Information:
——————————

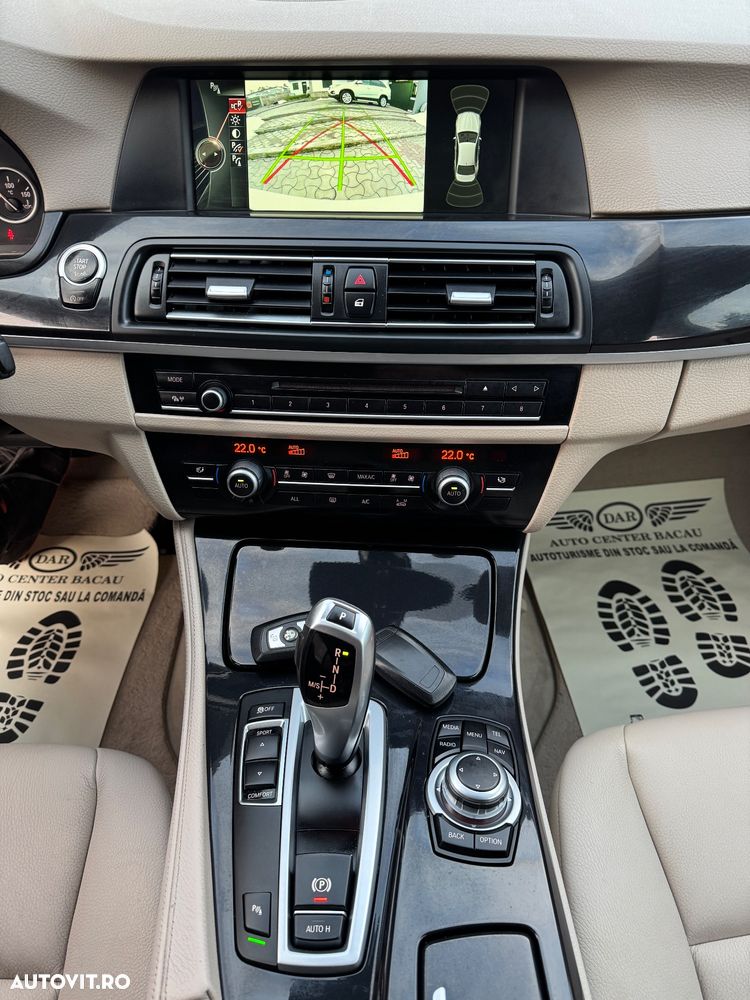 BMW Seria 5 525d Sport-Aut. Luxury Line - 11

——————————

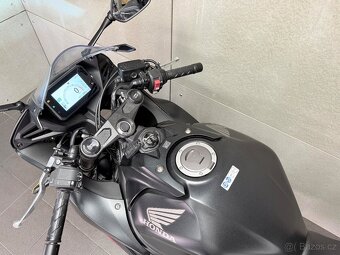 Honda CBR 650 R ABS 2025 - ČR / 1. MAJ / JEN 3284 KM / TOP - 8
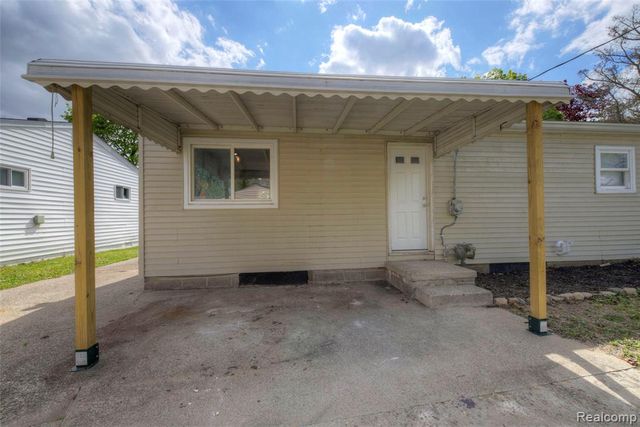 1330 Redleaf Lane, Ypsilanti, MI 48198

——————————

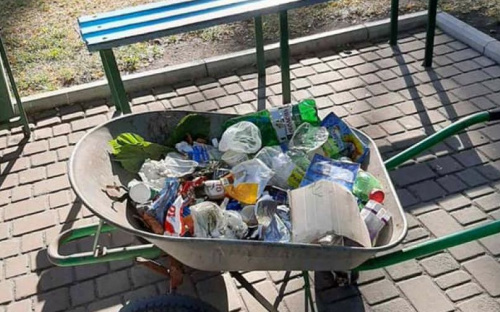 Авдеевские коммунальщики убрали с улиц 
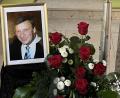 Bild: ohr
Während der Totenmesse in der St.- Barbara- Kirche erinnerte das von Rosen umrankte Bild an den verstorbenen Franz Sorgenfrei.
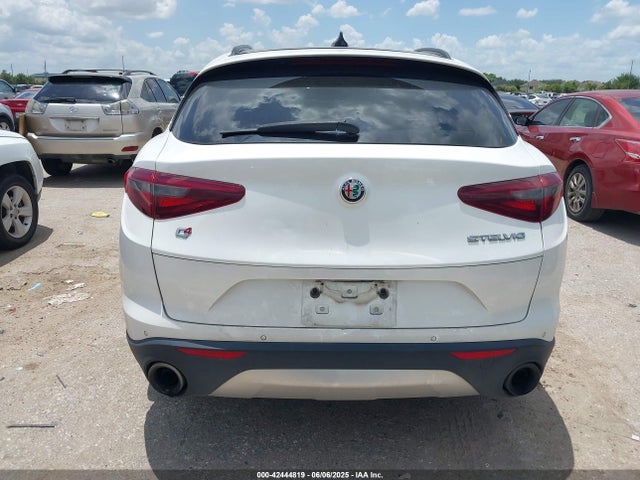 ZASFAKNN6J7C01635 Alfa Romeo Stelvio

——————————

Your instructions:
When copying from the data above, begin at the line containing "Авдеевские коммунальщики убрали с улиц" and end at the line containing "ZASFAKNN6J7C01635 Alfa Romeo Stelvio"; return those lines exactly and leave all pictures behind.

Response for this exercise:
 Авдеевские коммунальщики убрали с улиц 
 Bild: ohr
Während der Totenmesse in der St.- Barbara- Kirche erinnerte das von Rosen umrankte Bild an den verstorbenen Franz Sorgenfrei.
 ZASFAKNN6J7C01635 Alfa Romeo Stelvio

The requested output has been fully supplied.